Records contained in a dataset:

================

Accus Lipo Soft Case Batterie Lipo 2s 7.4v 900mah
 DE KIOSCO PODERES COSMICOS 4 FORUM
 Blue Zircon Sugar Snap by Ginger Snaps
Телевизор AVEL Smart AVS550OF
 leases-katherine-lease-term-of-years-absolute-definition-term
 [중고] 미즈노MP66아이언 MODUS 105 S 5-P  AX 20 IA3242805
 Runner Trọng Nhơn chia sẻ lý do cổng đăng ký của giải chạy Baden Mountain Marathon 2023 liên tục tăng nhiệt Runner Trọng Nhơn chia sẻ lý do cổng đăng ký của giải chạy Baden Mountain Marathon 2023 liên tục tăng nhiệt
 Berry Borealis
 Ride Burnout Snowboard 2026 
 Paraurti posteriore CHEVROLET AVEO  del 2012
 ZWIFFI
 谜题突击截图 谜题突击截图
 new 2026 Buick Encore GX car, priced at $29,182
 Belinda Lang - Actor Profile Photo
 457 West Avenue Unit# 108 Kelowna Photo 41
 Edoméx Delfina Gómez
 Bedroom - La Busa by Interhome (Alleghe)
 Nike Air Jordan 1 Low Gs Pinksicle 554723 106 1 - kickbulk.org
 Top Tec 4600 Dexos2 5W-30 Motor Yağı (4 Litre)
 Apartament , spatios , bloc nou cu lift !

================

Looking at the records above, please output exactly the lines that run from the one holding "457 West Avenue Unit# 108 Kelowna Photo 41" to the final line, and only those.

▶ **Solved exercise**
 457 West Avenue Unit# 108 Kelowna Photo 41
 Edoméx Delfina Gómez
 Bedroom - La Busa by Interhome (Alleghe)
 Nike Air Jordan 1 Low Gs Pinksicle 554723 106 1 - kickbulk.org
 Top Tec 4600 Dexos2 5W-30 Motor Yağı (4 Litre)
 Apartament , spatios , bloc nou cu lift !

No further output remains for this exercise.